Sunday Prayers (Photo credit: Steven Leith)

 I was brought up to go to church. First I went to Sunday school—then I graduated to actually going to church and “listening” to the sermon. I became a Sunday School teacher. The President of Mission Circle Girls. A member of the choir (though to this day I cannot carry a tune in a tin pail—but they needed warm bodies). Then I went off to university and went to a few masses with my Catholic friends even though I was not Catholic. It was rather exotic for a girl who had attended a Protestant country church. But I liked the rituals, the incense, the kneeling–even though they were foreign to me.

                After I turned twenty I did not go to church for about 25 years. I still prayed but mostly for good stuff to happen and for someone who was sick. I still believed though I was not sure what it was I believed. In fact, during those years I was perfectly happy. I was in a sort of vacuum. I was a constant seeker, but with a more intellectual bent than with my heart and soul.

                I went back to my country church for a while and was received with open arms and open hearts. I loved the feeling of community—I liked the Minister’s message, and I liked being a part of something. But I became too big a part—I joined too many things and tried to do too much, and I burned out. I stopped going to church because I was no longer able to just go and hear the message—I was too busy being a Sunday School teacher, a youth leader, a member of the Church’s women’s group…………..and on and on.

                I returned to my vacuum, but I returned as a more faithful believer in something bigger than myself.
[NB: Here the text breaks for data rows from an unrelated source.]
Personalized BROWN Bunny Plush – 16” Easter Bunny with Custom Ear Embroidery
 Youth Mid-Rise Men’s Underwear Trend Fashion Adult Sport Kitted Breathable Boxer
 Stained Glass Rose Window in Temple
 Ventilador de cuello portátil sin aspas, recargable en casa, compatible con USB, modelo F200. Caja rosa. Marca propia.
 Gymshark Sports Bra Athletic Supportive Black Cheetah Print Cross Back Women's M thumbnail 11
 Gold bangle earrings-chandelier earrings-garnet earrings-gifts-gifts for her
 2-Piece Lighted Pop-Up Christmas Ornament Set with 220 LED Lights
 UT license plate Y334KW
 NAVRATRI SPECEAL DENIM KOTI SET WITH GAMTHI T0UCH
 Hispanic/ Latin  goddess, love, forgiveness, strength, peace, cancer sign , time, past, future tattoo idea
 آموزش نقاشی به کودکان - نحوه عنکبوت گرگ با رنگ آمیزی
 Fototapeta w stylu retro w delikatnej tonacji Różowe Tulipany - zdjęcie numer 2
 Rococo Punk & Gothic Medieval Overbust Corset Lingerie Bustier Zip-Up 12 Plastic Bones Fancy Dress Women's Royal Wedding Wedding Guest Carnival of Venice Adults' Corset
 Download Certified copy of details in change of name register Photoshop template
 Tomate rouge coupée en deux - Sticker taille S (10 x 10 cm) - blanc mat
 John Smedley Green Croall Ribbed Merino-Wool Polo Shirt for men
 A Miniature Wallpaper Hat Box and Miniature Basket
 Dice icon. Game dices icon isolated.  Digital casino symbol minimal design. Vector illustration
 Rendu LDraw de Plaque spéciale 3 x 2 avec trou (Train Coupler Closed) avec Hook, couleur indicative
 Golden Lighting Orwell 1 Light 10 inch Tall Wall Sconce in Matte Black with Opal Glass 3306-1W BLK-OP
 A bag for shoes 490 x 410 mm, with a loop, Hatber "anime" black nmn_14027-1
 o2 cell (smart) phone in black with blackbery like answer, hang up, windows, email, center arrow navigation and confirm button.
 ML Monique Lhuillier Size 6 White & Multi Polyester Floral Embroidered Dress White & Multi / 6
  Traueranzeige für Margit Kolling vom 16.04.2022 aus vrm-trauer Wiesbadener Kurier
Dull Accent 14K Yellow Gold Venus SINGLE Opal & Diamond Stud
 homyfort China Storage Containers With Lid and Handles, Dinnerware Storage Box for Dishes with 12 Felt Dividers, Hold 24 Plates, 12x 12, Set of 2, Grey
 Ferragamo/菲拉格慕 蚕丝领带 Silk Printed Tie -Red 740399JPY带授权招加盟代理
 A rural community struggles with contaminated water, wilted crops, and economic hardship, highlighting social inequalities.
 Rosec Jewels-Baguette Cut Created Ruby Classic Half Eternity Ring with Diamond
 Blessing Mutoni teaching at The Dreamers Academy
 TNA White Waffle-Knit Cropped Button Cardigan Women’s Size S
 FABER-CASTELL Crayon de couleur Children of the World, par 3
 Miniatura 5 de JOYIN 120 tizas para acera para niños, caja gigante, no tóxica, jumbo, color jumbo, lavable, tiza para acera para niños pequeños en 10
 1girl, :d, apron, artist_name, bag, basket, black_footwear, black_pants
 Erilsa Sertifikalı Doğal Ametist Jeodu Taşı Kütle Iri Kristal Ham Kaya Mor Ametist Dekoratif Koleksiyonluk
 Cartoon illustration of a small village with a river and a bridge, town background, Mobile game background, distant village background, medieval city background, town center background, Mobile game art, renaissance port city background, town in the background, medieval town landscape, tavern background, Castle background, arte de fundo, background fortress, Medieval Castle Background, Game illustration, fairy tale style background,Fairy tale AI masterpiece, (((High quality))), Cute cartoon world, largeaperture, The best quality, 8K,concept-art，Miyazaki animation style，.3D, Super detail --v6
I am still a seeker. I went back to church one more time—but it was no longer for me–and though I love the people at that church, I quit again.

                I call myself a seeker as I guess I am not totally satisfied with the answers. But some of the answers I have sought out make sense to me. Sometimes I think it is easier to not believe than to believe. But I am just stubborn enough to believe in something I cannot touch, taste, smell, or see. But I can feel it. And I know there is something bigger than me. And I believe. It seems to come naturally.

                 I believe in a good God—not a violent, jealous, or vengeful God. And I believe that Jesus did walk the earth, and he did have a message, and the simple message is: *“this is not all there is but keep dancing anyway”.

 *in answer to Peggy Lee’s ballad “Is That All There Is?

                Have you come to some conclusion about your beliefs? Are you an unquestioning believer, a seeker, or an abstainer? Or something else? How do you define yourself?

Sunday Musings

Prayers

Prayers (Photo credit: Xerones)

On Sundays I always feel a little bit of nostalgia for my church-going days. To say I have had a crisis of faith may be an overstatement, but many a minister, pastor, priest, rabbi, and faith leader are said to have had crises of faith in order to come to grips with their faith. Unquestioned faith comes from the Sunday School of thought and many of us are past that. In
fact I miss it ~ but maturity brings sober second thought that deepens how one views life and spirituality.

As of late, I have been questioning my faith—yet again. But in questioning it, I think I keep it alive. I have a book called “Create Your Own Personal Sacred Text” by aptly named Bobbie L. Parish.  In the Introduction to the book is this statement, which hit home for me: “….the quest is your own.” And the quest she speaks of is a deeper relationship with Spirit, and the advice given is: “Start where you are and move in whatever direction you feel led.”

I have faith because I want to have faith. It is questioned sometimes. Rattled. Verified. And a constant, even if examined.

Here is an explanation of  prayer that makes sense to me by Pamela Brode from “The Power of Prayer – Make a Joyful Noise”:

“Through prayer we are able to draw power from the Holy Spirit, which fortifies our spiritual being and assists us in coping with whatever situation life hands us with a degree of strength, endurance, and calm.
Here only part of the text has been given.